We know that Marian devotion has gone hand in hand with Christian orthodoxy – that as the Church began to understand (and define) the mystery of Jesus Christ in the first centuries of its life, it found that if had to speak about the woman in whom the incarnation had taken place. The authenticity of Christ’s humanity was (and is) guaranteed by a focus on the creature called to be his Mother. This focus is so much more than the theological emphasis from which it proceeds for, just as it is a basic instinct to love our own mothers, so it is the Christian instinct to love the Mother of Jesus. In so doing, we are caught up into something of the warmth of relationship shared by Jesus and Mary – “behold your Mother”. During Mary’s month of May it does us well to ponder the “naturalness” of Marian devotion and to see it as a potentially powerful tool in evangelisation – something that rings true to human experience, and can be the way to open up other avenues of shared understanding. Think about it!

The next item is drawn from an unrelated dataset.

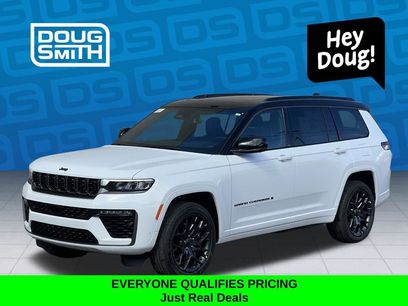 New 2026 Jeep Grand Cherokee L Summit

The music at Mass yesterday led us towards the feast of Marian hymns that was to be a part of the procession.  The Offertory Motet was Croce's joyful and boisterous setting of the Regina Coeli, seen here being conducted by a university contemporary of mine (and fellow Pusey House musician) in preparation for a service at the Anglican cathedral in Southwark. 



Once the procession was underway, two great favourites were sung.  First of all, the Lourdes Hymn, the second verse of which we had not had the opportunity to sing in our previous existence as Anglicans.  How appropriate then, on a Sunday where the Gospel reading talked of the True Vine, the relationship between us and Christ, and thereby the relationship we have with Christ and His Church (the two not being mutually exclusive), that we should find ourselves singing this verse in the full Communion of His Holy Catholic Church. 
We pray for God's glory,
May His Kingdom come,
We pray for His Vicar,
Our Father, and Rome,
Ave, Ave, Ave Maria!
Ave, Ave, Ave Maria!


The other hymn in the procession was a hymn that has featured very recently on this blog, including in our most recent post.  However, that is no reason not to include it one more time.



The last hymn, sung after the blessing and dismissal, was a hymn that again featured on the St Mary's Bourne St Facebook site last year, and how lovely it was to hear it again, now in a setting where it feels so very natural, so very much the way of things in the entire Church.  It is no longer the territory of a particular wing, but the song of the whole.